It's unfortunate that my polite and calm words are, in the face of an inflammatory situation, considered to be incapable of being said without being an "affectation." The things I say, I mean. I can't control how you or anyone else takes them, especially when the concepts of truth and forthrightness, in my case, are almost immediately thrown out as a possibility. It shows a certain lack of flexibility to be unable to look past one's frustrations with a person and see that they could have a point or be a decent, intelligent person.

I understand that, for whatever reason, I irritate the dickens out of both you and JCC. The irritation seems to manifest itself whenever one (or both) of you engage me in some sort of debate. It's been almost a constant, since I came to this board, with one (or both) of you nipping at my proverbial heels. I take this in stride, reply to your every question/accusation/assumption/extrapolation with the best composure as one can, given the circumstances. This seems to only make matters worse. It's a pity, as it's meant to do the opposite.
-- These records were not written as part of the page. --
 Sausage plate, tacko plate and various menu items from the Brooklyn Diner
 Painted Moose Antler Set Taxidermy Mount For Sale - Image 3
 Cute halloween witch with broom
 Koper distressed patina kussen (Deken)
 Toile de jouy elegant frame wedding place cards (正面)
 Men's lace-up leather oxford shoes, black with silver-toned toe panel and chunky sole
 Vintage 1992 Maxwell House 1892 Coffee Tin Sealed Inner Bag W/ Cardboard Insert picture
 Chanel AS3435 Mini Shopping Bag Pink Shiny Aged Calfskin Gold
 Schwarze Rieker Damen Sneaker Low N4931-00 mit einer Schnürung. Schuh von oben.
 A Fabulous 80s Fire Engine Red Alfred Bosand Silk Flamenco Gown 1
I figure that, one day, you'll both tire of singling me out and decide I'm not worth tapping your intellect or that I'm not all that bad. I'm willing to ride it out, if you are.


Quote:
Originally Posted by Verdandi
But if you're polite and courteous with people, you are more likely to sway them, or have them understand what you're saying
Isn't it just easier to correct someone without trying to corner them, or argue with them? People respond better to kinder things.
Thank you! -beam- That's precisely the point I was attempting to make.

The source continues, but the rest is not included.